* What this task involves
When the data below is printed, every line must match exactly and the images must be absent.

* Given data

------------

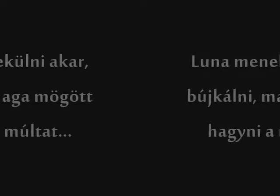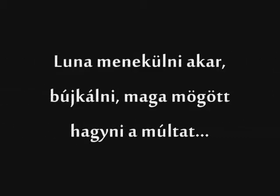I wanna hide the truth, I wanna shelter you, but with the beast inside, there's nowhere we can hide.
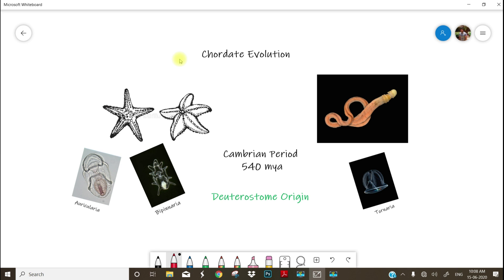In which the first opening in embryo becomes anus and then followed by mouth. So from the blastopore, anus originates first before mouth. And now I will talk about the time of origin. In case of chordates, it is supposed to be that the chordates might have evolved during Cambrian period.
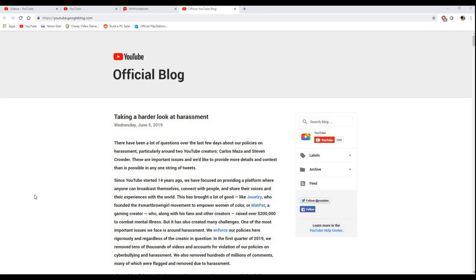YouTube has decided to crack down or take a harder look at harassment on the type of content that is available on YouTube. But I'm not gonna bring up who did what or whose feelings got hurt or anything like that. I'm just gonna bring up how this will affect my very, very small channel.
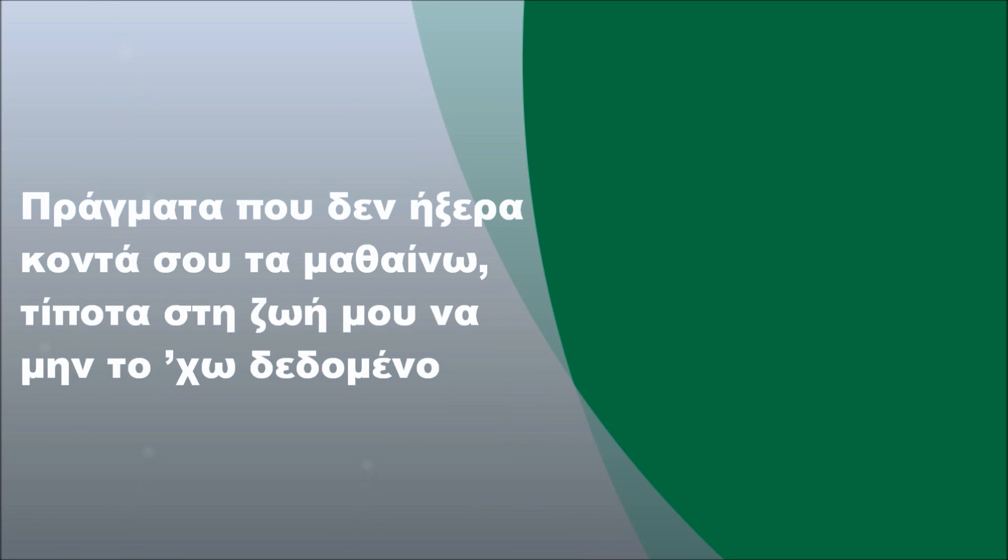The things that I didn't know, close to you, I learned nothing in my life, I don't have any evidence.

------------

* Task result
I wanna hide the truth, I wanna shelter you, but with the beast inside, there's nowhere we can hide.
In which the first opening in embryo becomes anus and then followed by mouth. So from the blastopore, anus originates first before mouth. And now I will talk about the time of origin. In case of chordates, it is supposed to be that the chordates might have evolved during Cambrian period.
YouTube has decided to crack down or take a harder look at harassment on the type of content that is available on YouTube. But I'm not gonna bring up who did what or whose feelings got hurt or anything like that. I'm just gonna bring up how this will affect my very, very small channel.
The things that I didn't know, close to you, I learned nothing in my life, I don't have any evidence.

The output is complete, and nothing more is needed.